Tuesday, February 3, 2009

Recession Reality

Do not conform any longer to the pattern of this world, but be transformed by the renewing of your mind. Then you will be able to test and approve what God's will is -- his good, pleasing and perfect will. Romans 12:2 (NIV)

I love clicking on Kat’s blog every day, because there is always a new bible verse. Some I read in the rush of the day and realize later on that I did not hear them, but some are just what I need to hear even if I do not know it. When I first read this I breezed through it like another mindless step in my daily routine, but something caught me and I re-read it. I just felt like I could breathe once I heard what it was saying. This verse from Romans is exactly how I have been feeling over the past few months.

Ever since being laid off and having my eyes opened to the hardships of our Recession, I have battled the difference between my dreams and what others define as reality. I have mentioned in previous blog postings that I have a variety of dreams as well as ever changing dreams. Every day I am faced with the challenge of either holding on to them or letting go. I have seen what life is like when you let go, and I do not want that, any of it.

Reading this verse helped me understand that you can still dream in an economy today. As a matter of fact, I believe if we all keep a firm grasp on our dreams, we may see some good prevail.
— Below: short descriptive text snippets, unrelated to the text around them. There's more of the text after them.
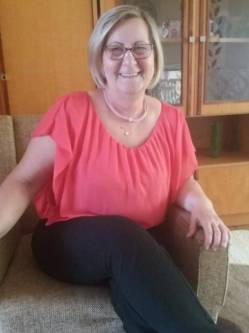 Marcsi, 67 �ves t�rskeres� n�, Mak�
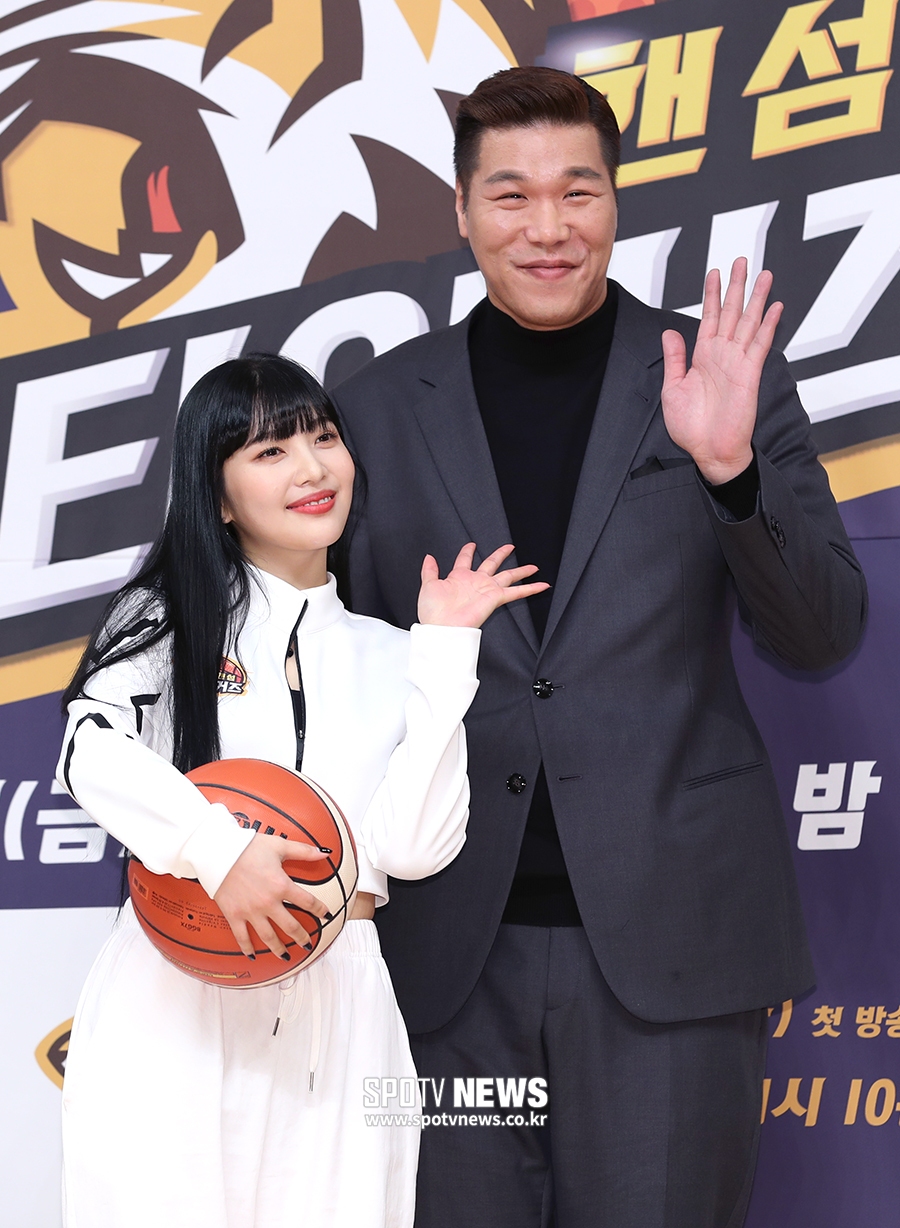 [포토S] 서장훈-조이, 핸섬 타이거즈 감독과 매니저!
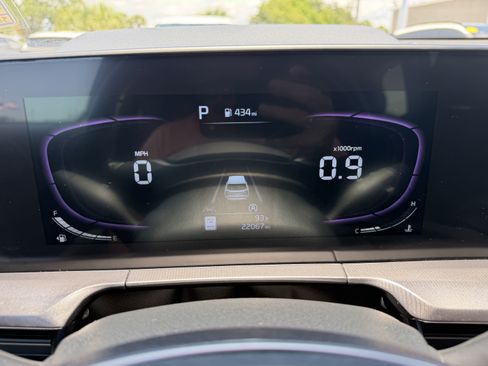 Certified 2025 Kia Telluride S FWD image 35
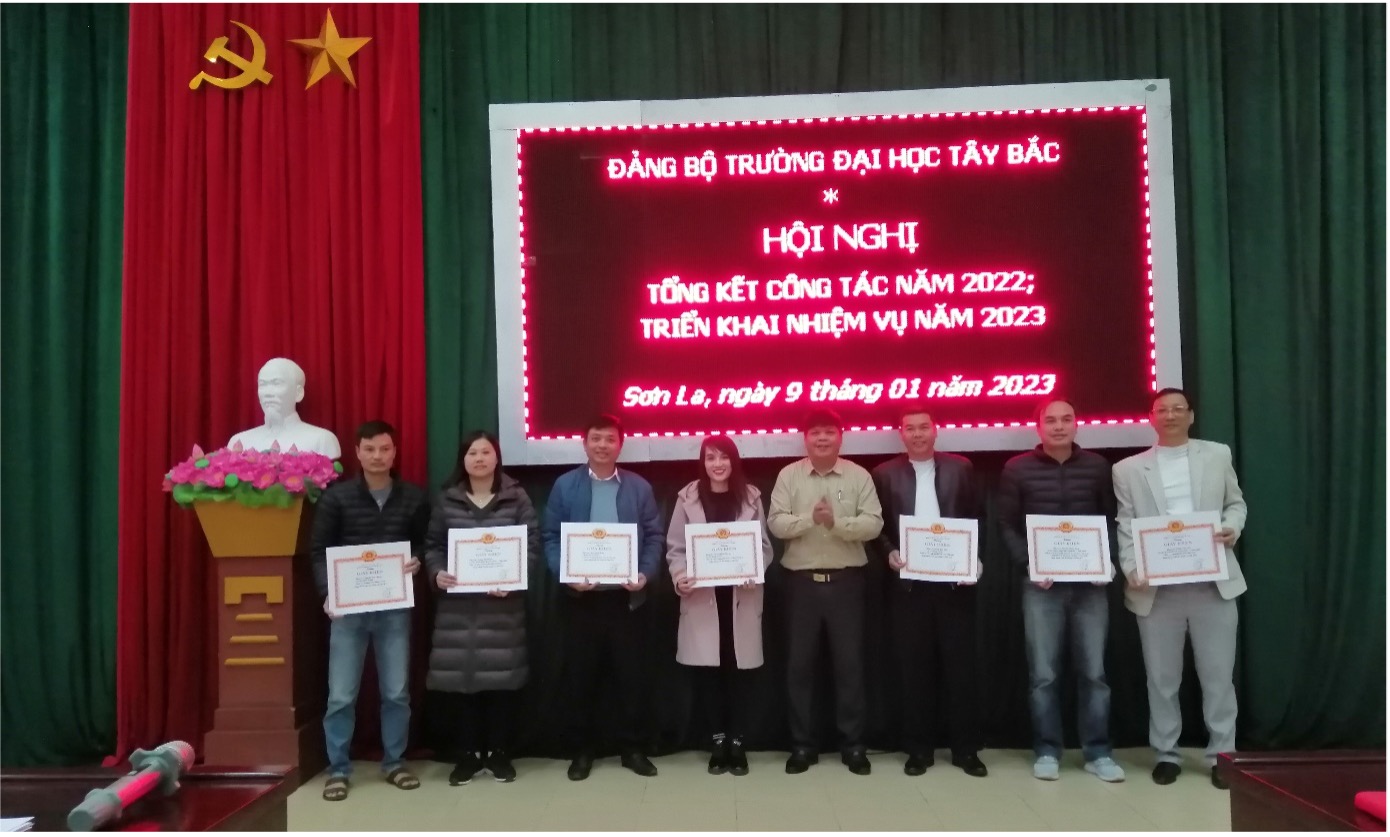 Hội nghị Tổng kết công tác Đảng năm 2022 và Triển khai nhiệm vụ năm 2023 tại Trường Đại học Tây Bắc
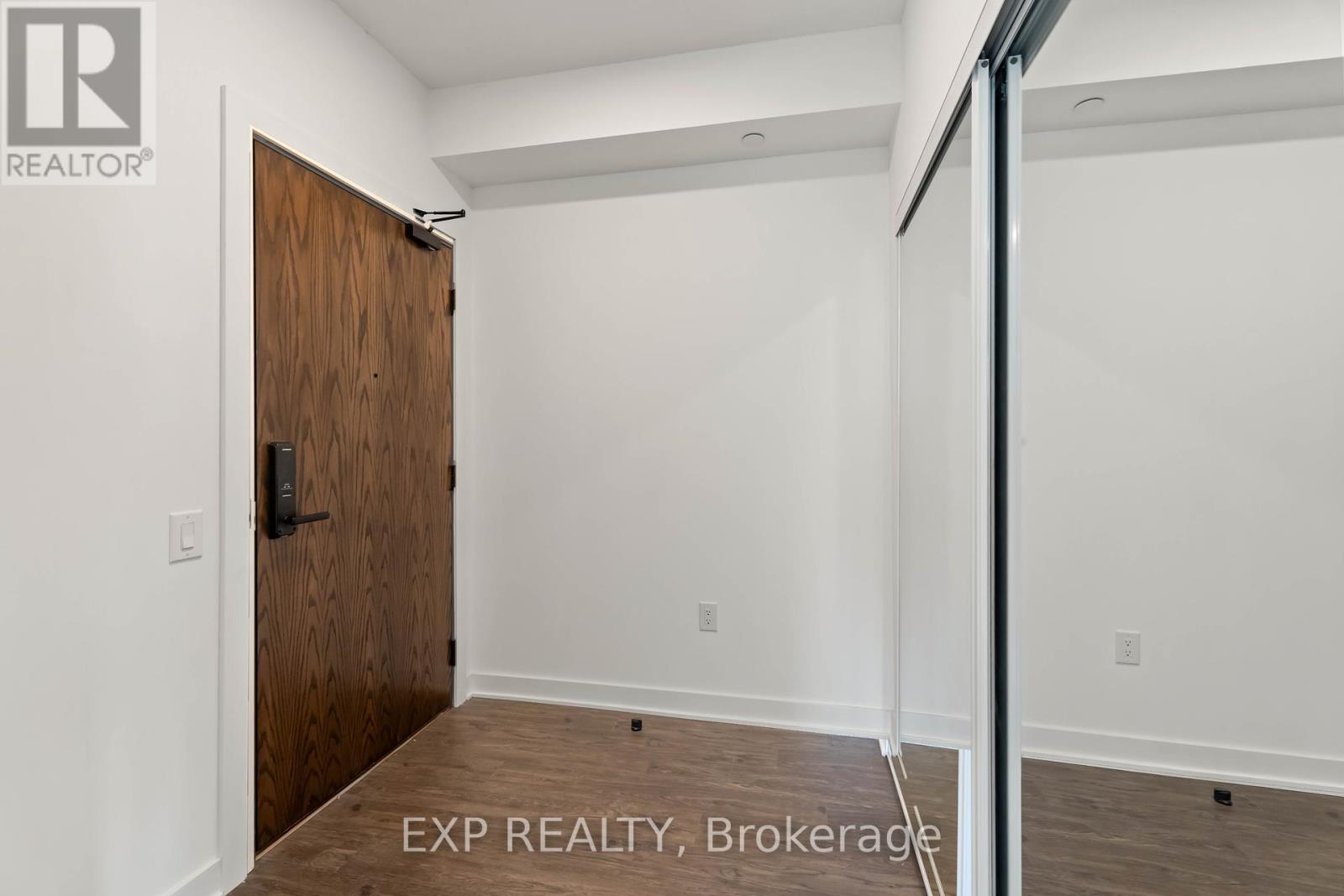 606 - 2782 Barton Street E, Hamilton, Ontario  L8E 2J8 - Photo 5 - X12429804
I have been very fortunate to have a supportive family. I know there are many other people who may not have the support or abilities I do, but on the other hand there are plenty of people who have many more opportunities and abilities than I do to help them obtain their wants and needs. I just cannot focus on what other people have, because then I lose sight on what I have - on what I can do for myself.

I may not be able to become everything I want to be when I grow up, but I sure am going to head that way. Focusing on my satisfaction and fulfillment in every day life is really what I am going for. The funny thing is…I am not really sure what that is. I guess I will find out.

Learn something new every day.
(Thank you for drilling that in my head, Mom. You are definitely on to something here.)